President Duda says sending F-16s to Ukraine a “serious problem”
Poland and Slovakia are replacing their Soviet-made MiG-29s with US-made fighter jets. / bne IntelliNews
By Wojciech Kosc in Warsaw February 13, 2023

Sending US-made F-16 fighter jets to Ukraine would be a “serious problem” for Poland, which only has some 50 aircraft of this type, Poland’s President Andrzej Duda told the BBC on February 12.

His comments indicate that, despite their criticism of Western European members of Nato for being slow to send heavier and more sophisticated weaponry to Ukraine, the countries on Nato's eastern flank are also struggling to carry through with their own transfers of arms to Kyiv.

Duda was responding to Ukraine’s leader, President Volodymyr Zelenskyy, calling on his country’s Western European allies to send in more arms, including jets, during his Europe tour last week.

"I appeal to you and the world with the simple, and yet most important words – combat aircraft for Ukraine, wings for freedom,” Zelenskyy told the UK parliament.

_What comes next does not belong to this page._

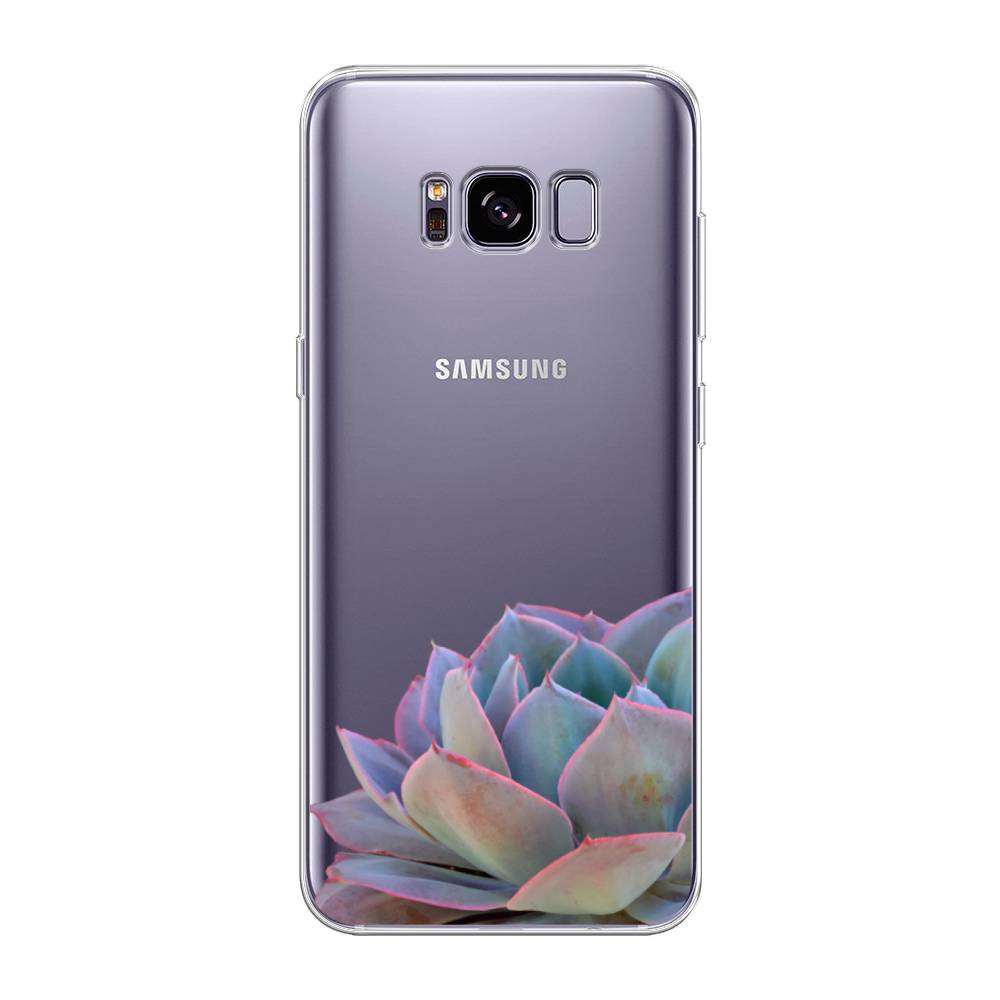 

Чехол Awog на Samsung Galaxy S8 + "Молодило уголок", Серый, 24850-8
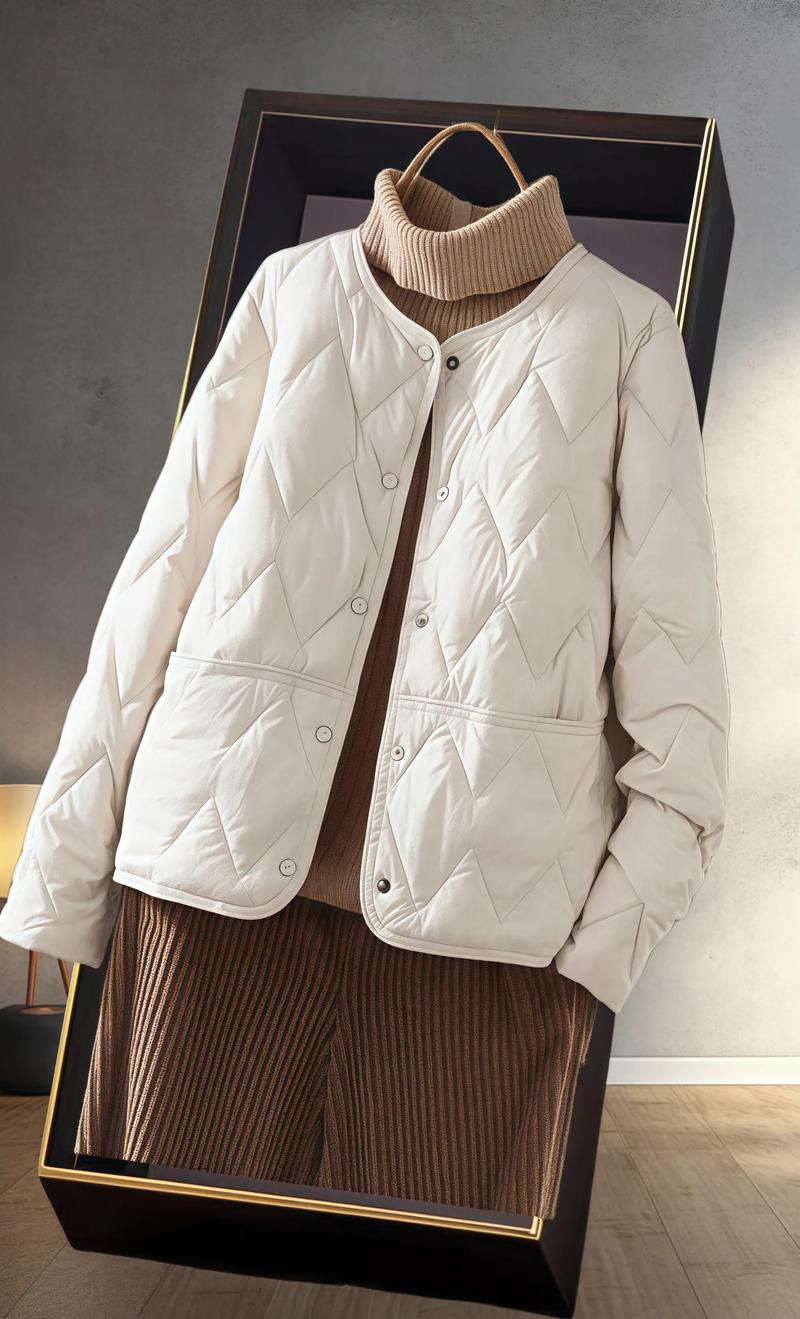 2025年冬季女装外套-图1 2025年冬季女装外套-图1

Poland, one of Ukraine’s staunchest allies in the country’s war against Russian aggression, said, however, that sending jets is a highly complex thing to do.

"We have not enough… and we would need many more of them,” Duda told the BBC.

The Polish president also said that F-16s require complex maintenance and it was "not enough just to send a few planes”.

Slovakia, another strong supporter of Ukraine also admitted at at the weekend that sending its Soviet-made MiG-29 fighter jets to Ukraine would be complicated. Caretaker Prime Minister Eduard Heger told Slovak public broadcaster RTVS that he will consult constitutional lawyers over the planned transfer.  Heger has been in charge of a caretaker cabinet, which has curtailed powers, since the second half of December after losing a vote of no confidence.

“It is necessary to examine whether a caretaker cabinet is competent [to authorise the MiG-29 deliveries] or not,” Heger commented for RTVS

Slovakia has long offered to transfer MiG-29 fighter jets to Ukraine but only received an official request from Kyiv last week, Heger told the BBC on February 12. He said it could take weeks for the authorisation to go through the government and parliament.

Poland and Slovakia have been among the Western countries to have pushed for sending tanks to Ukraine, an effort, which eventually came through, with several European countries and the US all gearing up to send tanks and train Ukrainian troops to operate them.

With every supply of heavier weapons, however, the West and Nato are worried that the war could spill over Ukraine’s borders to engage individual countries or even the entire alliance in a war with Russia. 

That said, over a series of incremental steps, the West has indeed supplied Ukraine with a range of more and more sophisticated weaponry, including long-range missile systems, with which Ukraine is able to strike deep behind enemy lines.